When we have an idea for a tale, most of us simply write, set our fingers to work, and belt it out at a speed which our eyes refuse to focus on.

Then we proofread it. Cripes!  How often have we cringed at the spelling errors, the missing punctuation, the incredibly wonky sentences which make no sense, the over-explaining of a character or a scene as though the readers need step-by-step instructions (I’ve even been known to detail my character sitting on the lav—like the reader couldn’t understand why they’re in the bathroom otherwise)?  They all sound easily rectifiable, right?  But how many writers bung in adverbs on their first drafts because they’re a whole deal easier and quicker way to convey what you want to say?  How many of us end up with a hoard of passive sentences?  How many times have we written dialogue scenes where the characters show no emotions or appear to be static apart from the movement of their lips?  Or how many times have our characters ended up sounding a like a party of robots who only converse in precise English as though slang has never been born.  All of these and more need rectifying on the edit.  However, it’s amazing how much critiquing the work of others (essentially editing and proofreading), and (born of practice, practice, practice) writing experience, helps us to spot these more AS we write them, rather than after.

I say this because the rewrite I’m currently working on is a novel I knocked together (over a timespan of six weeks) when I’d only been writing for six or seven weeks, and I can’t help but compare it to my most recent writing.  The novel story itself is pretty good (even if I do say so myself), and the telling of it isn’t that bad.  But every one of the paragraphs seems to contain a passive sentence, and far too much of the dialogue is performed in frozen pose … at least my adverbs aren’t that much in abundance.  Because of this, I’m am spending time dissecting each and every sentence as an individual part of the story, and then each and every paragraph which those sentences belong to, and then each and every chapter, until I’ll hopefully have a complete novel with none of the above-mentioned issues.

Based on this, I know a simple edit would not have been enough to bring this baby of mine up to the level I’m at now.  When compared to my most recent work, where I contemplated, for however long it took, over every single sentence BEFORE writing it, I see a major difference in quality.  Like my older stuff, my newest piece has been critiqued by fellow writers.  I have had far less comments on the telling of my story, and far more on how it made the reader feel.  My time-taking and consideration brought the desired result.  By taking more time over the writing, I had far less editing to do on it.  But, in all fairness, that piece isn’t a novel, only a novella.  Would I be able to spend so much time if it were 2-300 pages long, as opposed to 50 or 60?  Who knows?  But I will damn well give it a jolly good try now I know it pays off, because editing is hard work—really hard work—and rewriting is even harder.

So, how do you feel about this?  Do you believe it’s possible to make a conscious effort to minimalise the edits?  Do you/would you/can you write slower if it results in less editing in the long-run?


6 thoughts on “Do YOU believe editing can be minimalised?

  1. I totally believe editing can be minimalized.

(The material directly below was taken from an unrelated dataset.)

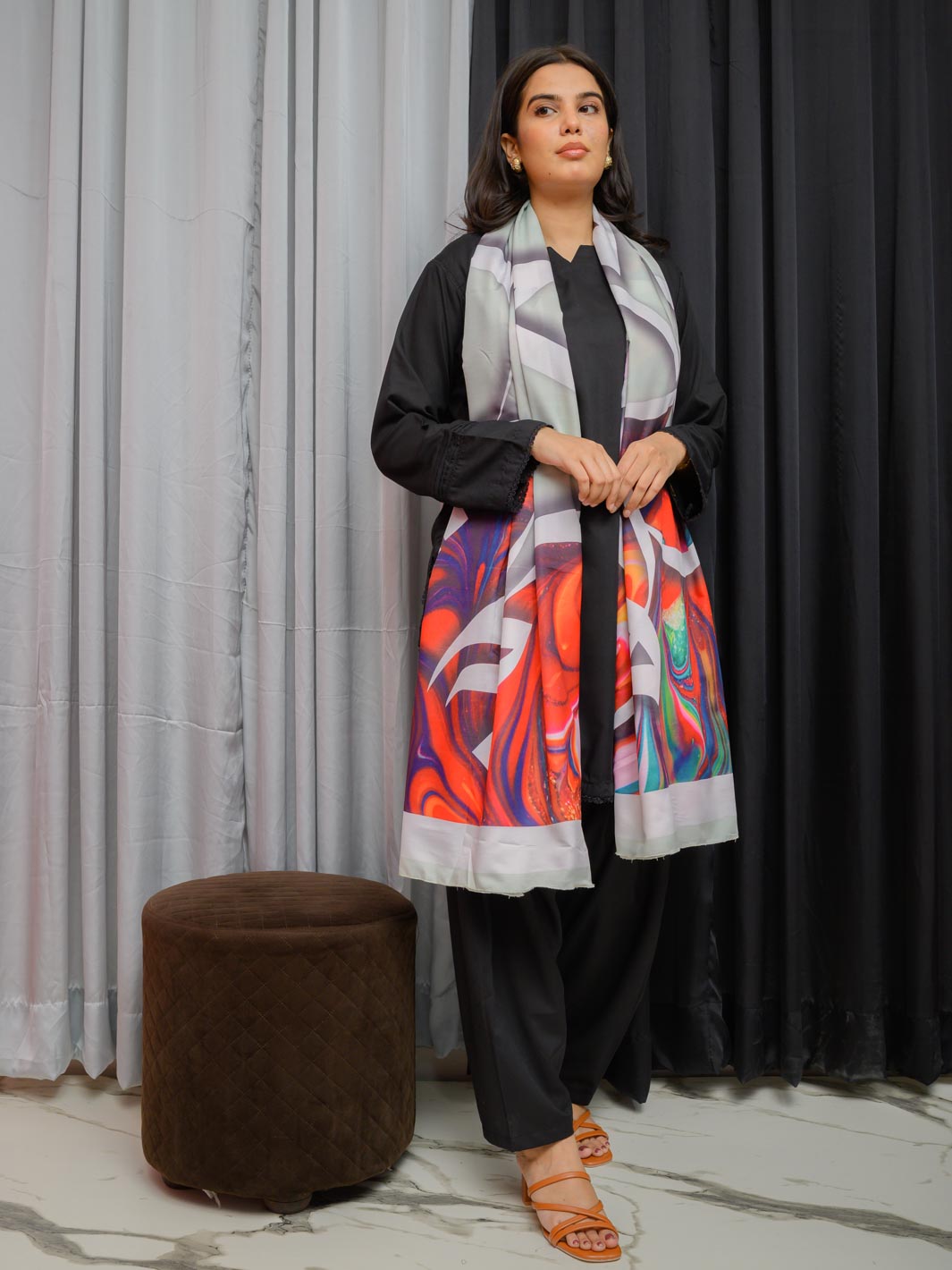 Gulzaar Dupatta (Pista)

Over the course of five novels and loads of critiquing, I’ve come to train myself on the use or misuse of some key ‘errors’ or dislikes of my own. It’s now ingrained in me so much that my errors in first draft are more the sentence that doesn’t make sense and the need to clarify what I’m trying to say rather than passive sentences, grammar issues, telling, the use of weak verbs and those adverbs. I’ll stop … literally in the midst of writing and reformulate a 1st draft sentence if I start to write the word ‘was’ in narration. 🙂 But that’s me. I know some ascribe to the ‘right it and get it on paper and edit later’ assertion, but I just can’t. And I can still write fast. I just avoid the 1st/2nd draft issues and move straight to 3rd draft … where clarity and story-line omissions seem to pop up. So for me, I go straight to the story issues which I don’t think would ever be a first draft fix anyway … as I can’t teach myself the story. That comes organically. 🙂

    GREAT post, Julie!!

  2. Thanks, Aimee 🙂

    How long, though, did it take you to learn the lesson of giving such consideration to each sentence DURING the initial writing of it? Did you write a couple of novels before it clicked or, like me, did it take a year, five novels, and a heap-load of necessary rewrites as a result of not clicking sooner? 😐 Okay, not that many for you, but you get the idea? 😀

  3. Novel #1 : All wrong
    Novel #1.5 : unfinished for Nano 2009 and all wrong (but I didn’t care and didn’t edit — that’s why it doesn’t get a full novel number LOL )
    Novel #2 : Started posting on Scrib at 25k words and started getting it write-er. <– This is Little White Lies which I did get one partial request on. This is the one I am going to rewrite (for story) but the writing itself has only changed a little since.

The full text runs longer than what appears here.